Mientras el PSOE tira de chequera para adquirir una piñata de ideas, al PP se le ofrecen ideas gratis y, de momento, ni las comenta, como ocurre con el proyecto de reforma constitucional elaborado por varias entidades cívicas, que presentaba recientemente, entre otros, uno de sus militantes destacados, Vidal-Quadras. Salvo que la Conferencia Política del partido de la oposición dé una sorpresa, la posición del PP, según adelanto de quien cocina el programa electoral, consistirá en poner el acento en "recuperar los grandes consensos nacionales". Primero, el consenso con el PSOE y luego, si lo hubiera o hubiese, la reforma. Esto es, primero, el procedimiento y luego, el objetivo. Lo que se conoce como poner el carro antes que los bueyes.

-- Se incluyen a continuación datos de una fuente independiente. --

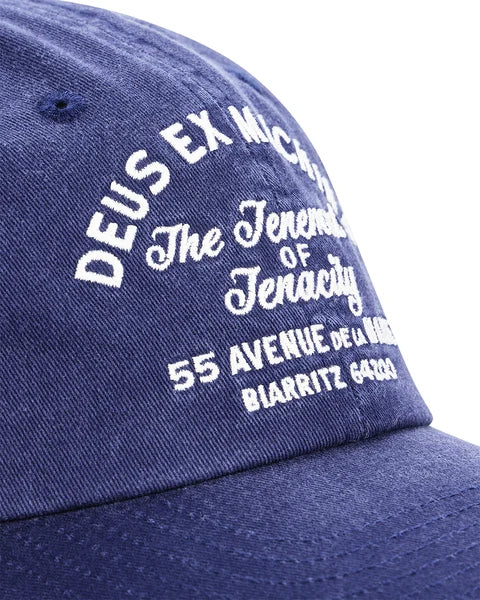 DEUS - Biarritz Sign Cap - MECHANIC BLUE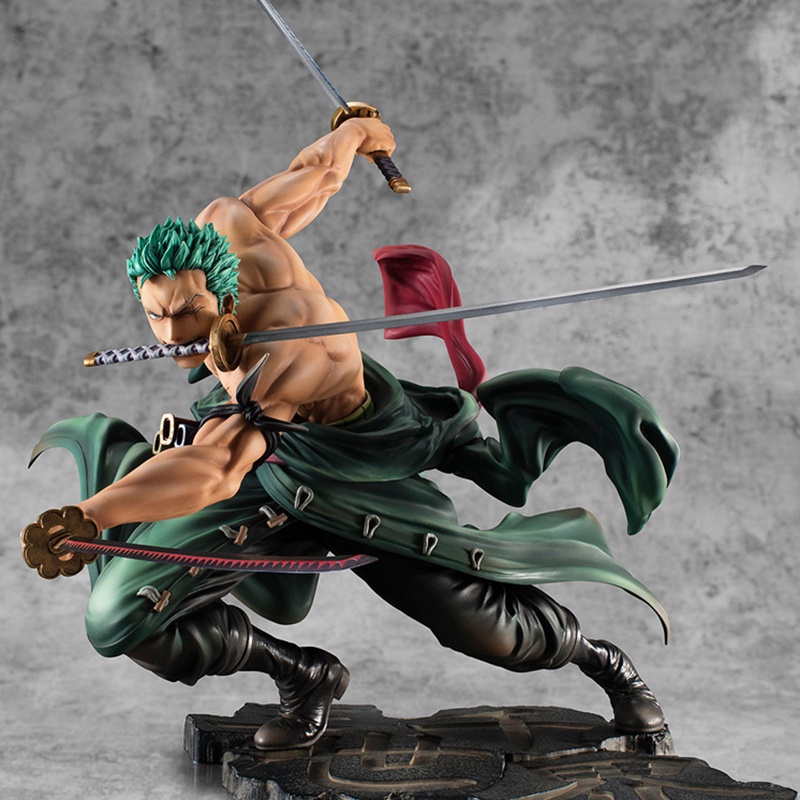 One Piece Anime PVC Figure Zoro Three Thousand World Sanzensekai Action Figure Model Toy Gift for Kid Adult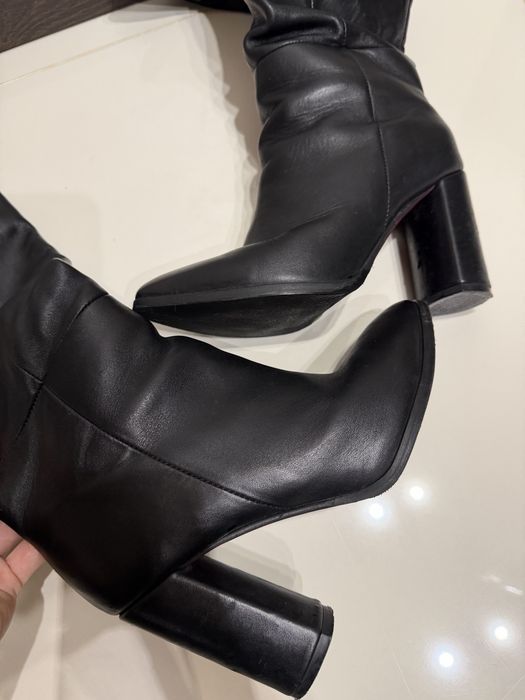 Чоботи/сапоги зимові. Натуральна шкіра.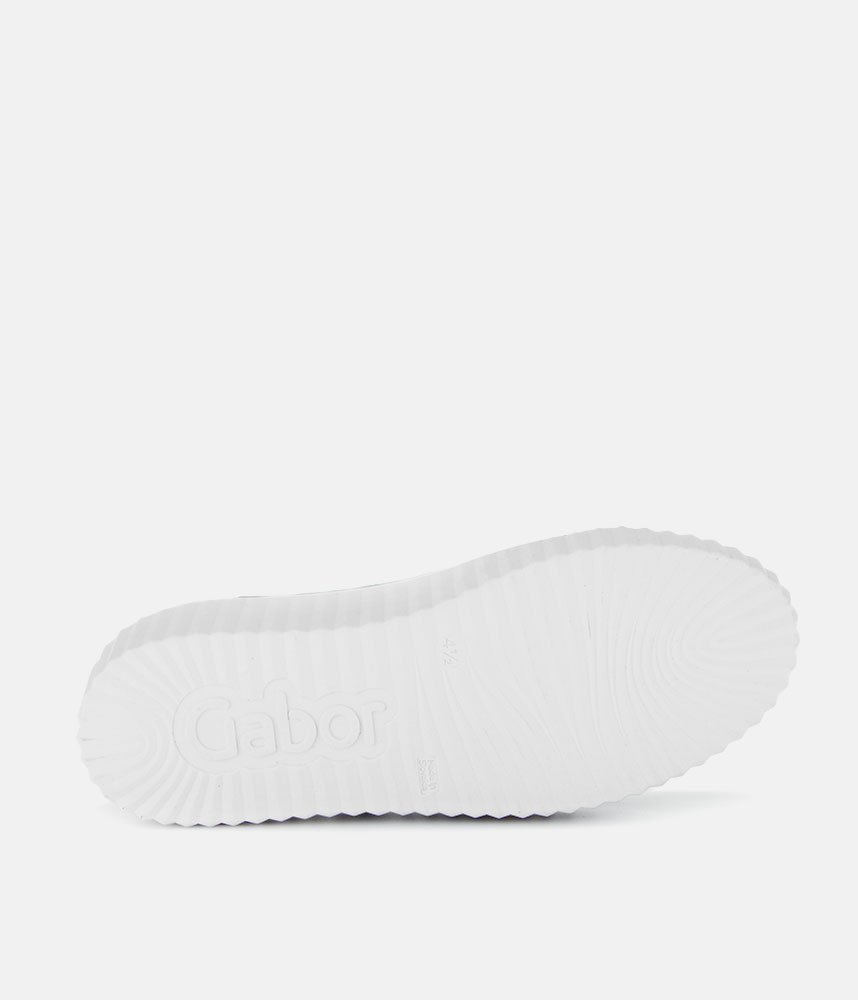 Gabor Chunky White Leather Trainers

Este regreso del fetichismo del consenso, que a decir verdad nunca se ha ido del todo, conduce a callejones sin salida. Pues el problema no es la falta de consenso, sino que la falta de consenso es consecuencia del problema. Si el PP hubiera dado su plácet a la negociación política con ETA, al nuevo Estatuto catalán y a cualquier otro de los grandes y peligrosos disparates de Z, tendríamos el sagrado consenso, pero seguiríamos teniendo el problema, y agravado. La trascendencia de una propuesta de reforma constitucional no reside, de inmediato, en su letra pequeña, sino en su propósito: cortar la subasta de la soberanía nacional e impedir que los nacionalistas chantajeen ad aeternum a los partidos mayoritarios. El problema es que nos hallamos a tres telediarios de las diecisiete "naciones" de la señorita Pepis. Y resulta perentorio coger por los cuernos la situación de emergencia provocada por el entreguismo de Zapatero a los secesionistas, pero incubada previamente en los huecos de la Carta Magna y en los pliegues del sistema electoral.

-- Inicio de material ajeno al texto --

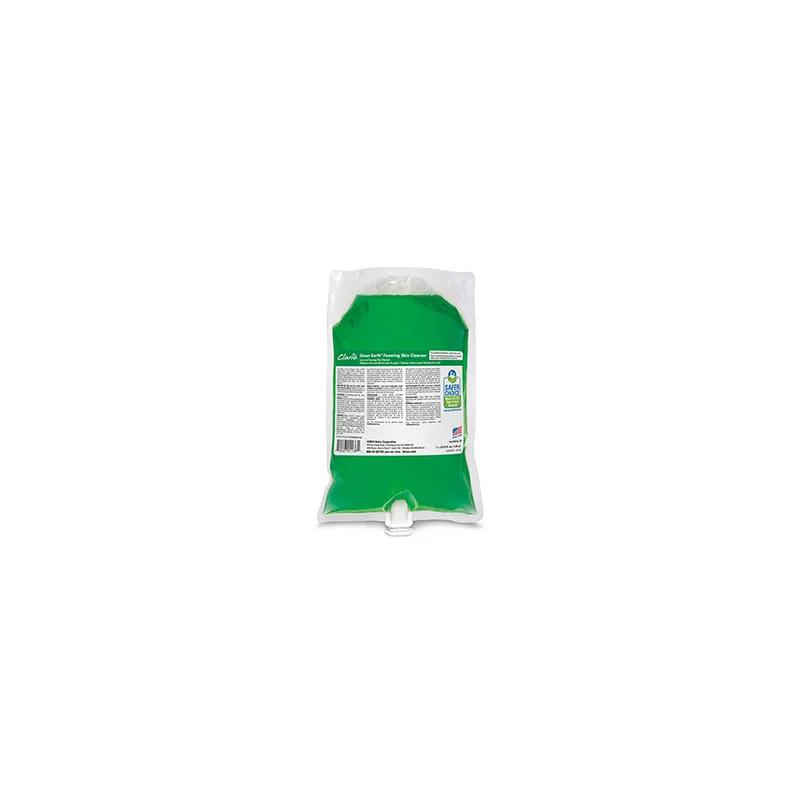 Green Earth® Skin Cleanser Liquid 1000 mL Fresh Meadow Green Foaming Clario Bag 6/Case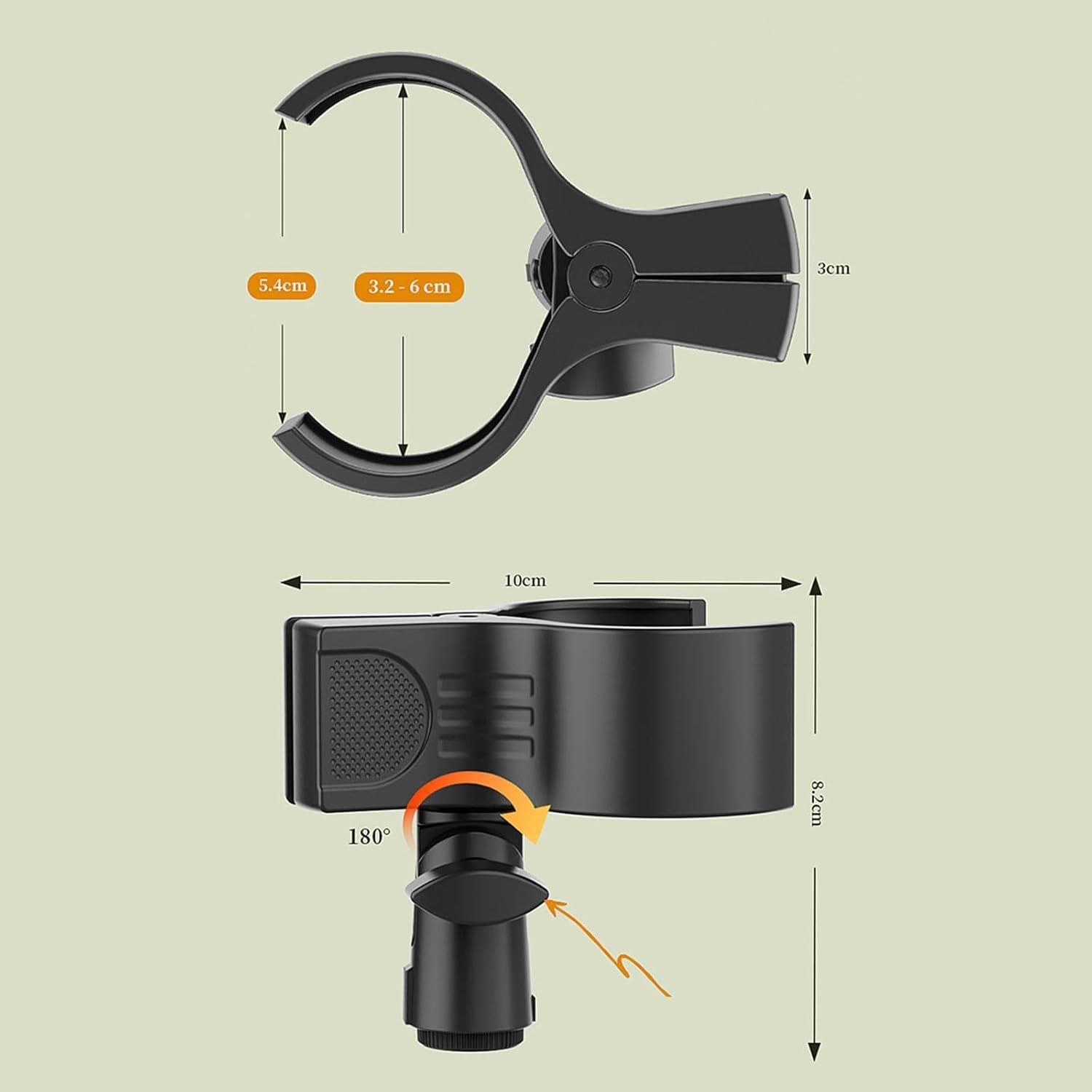 "Abbraccia" Blow Dryer Bracket Adjustable Freeing Hands for Makeup Room Salon Countertop image number 5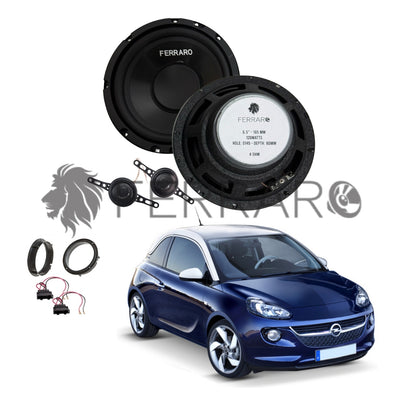 FerraroStore Kit 2 Altoparlanti, ASK-165.2, Anteriori, Opel Adam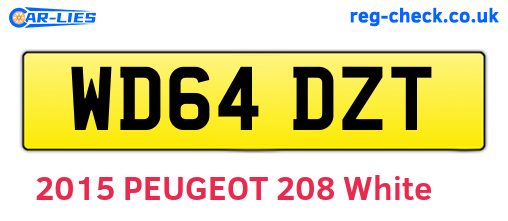 WD64DZT are the vehicle registration plates.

Frente a esa idea y ese proyecto, que apela transversalmente a cuantos están hartos de las imposiciones nacionalistas, el partido de la oposición se escaquea. Y la sospecha que alimentan tanto esa conducta como ciertas declaraciones es que se está componiendo el atuendo para la cita que, caso de obtener una mayoría relativa, habría de concertar con los jefes de alguna tribu nacionalista. Es como si no quisiera llevar prendas que incomoden a esa novia que le puede caer en suerte y en desgracia, o tratara de cortejarla antemano. Sea como sea, eso del consenso primero y lo demás después, ha de responder a una estrategia. Una perfecta para desmovilizar al potencial electorado.